> [Exercise directions]
Nothing but an exact reproduction of the records, pictures excluded, should be returned.

> [Material provided]
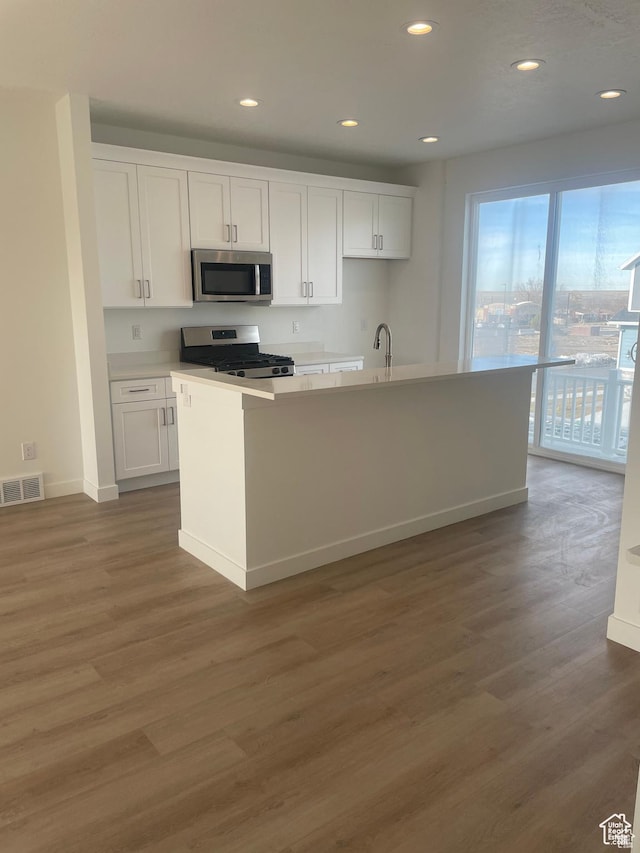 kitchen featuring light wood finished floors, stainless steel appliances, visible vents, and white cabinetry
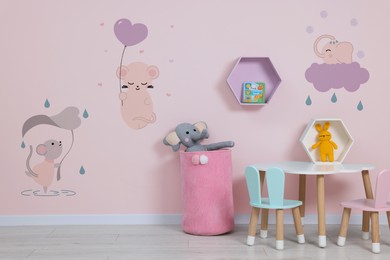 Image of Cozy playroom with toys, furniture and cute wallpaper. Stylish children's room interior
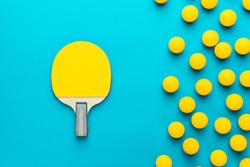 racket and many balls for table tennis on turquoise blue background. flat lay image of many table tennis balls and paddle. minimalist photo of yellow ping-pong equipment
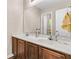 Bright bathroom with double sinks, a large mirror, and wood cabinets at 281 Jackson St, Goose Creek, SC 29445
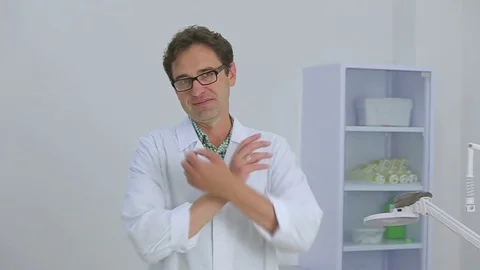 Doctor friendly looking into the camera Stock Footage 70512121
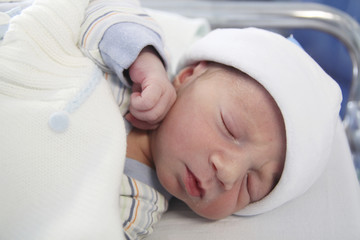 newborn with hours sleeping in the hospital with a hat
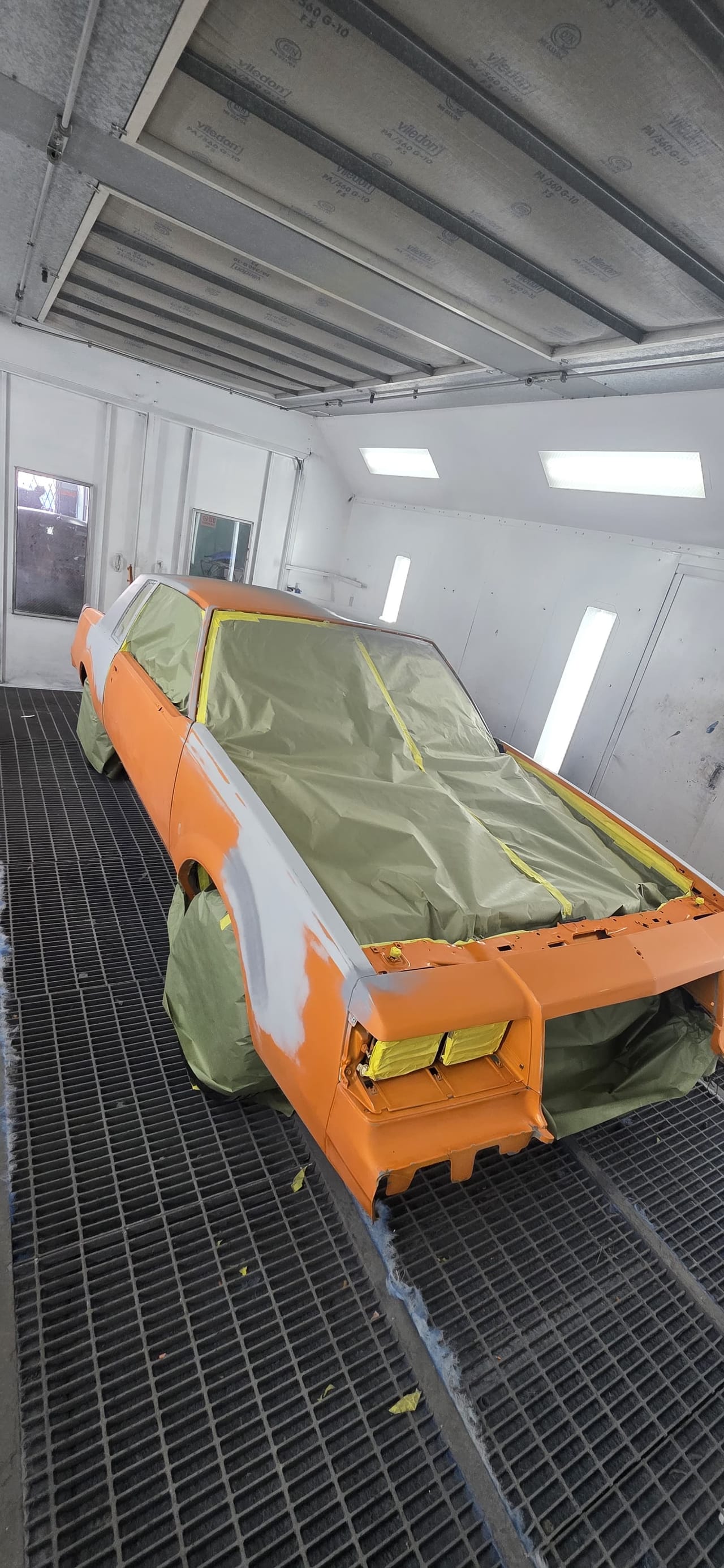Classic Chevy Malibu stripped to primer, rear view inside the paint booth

> [Your solution]
 kitchen featuring light wood finished floors, stainless steel appliances, visible vents, and white cabinetry
 Image of Cozy playroom with toys, furniture and cute wallpaper. Stylish children's room interior
 racket and many balls for table tennis on turquoise blue background. flat lay image of many table tennis balls and paddle. minimalist photo of yellow ping-pong equipment
 Bright bathroom with double sinks, a large mirror, and wood cabinets at 281 Jackson St, Goose Creek, SC 29445
 Doctor friendly looking into the camera Stock Footage 70512121
 newborn with hours sleeping in the hospital with a hat
Classic Chevy Malibu stripped to primer, rear view inside the paint booth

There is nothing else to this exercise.